Restate exactly, and only, the lines from the one containing "2024年党支部党建工作计划" through the end of the entries, keeping both endpoints.
====== The data ======
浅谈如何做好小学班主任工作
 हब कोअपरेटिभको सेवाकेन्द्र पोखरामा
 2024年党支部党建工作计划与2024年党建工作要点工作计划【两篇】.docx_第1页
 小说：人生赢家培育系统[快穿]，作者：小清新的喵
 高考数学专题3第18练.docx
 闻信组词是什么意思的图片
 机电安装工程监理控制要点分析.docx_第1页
======
> _Exercise result_:
 2024年党支部党建工作计划与2024年党建工作要点工作计划【两篇】.docx_第1页
 小说：人生赢家培育系统[快穿]，作者：小清新的喵
 高考数学专题3第18练.docx
 闻信组词是什么意思的图片
 机电安装工程监理控制要点分析.docx_第1页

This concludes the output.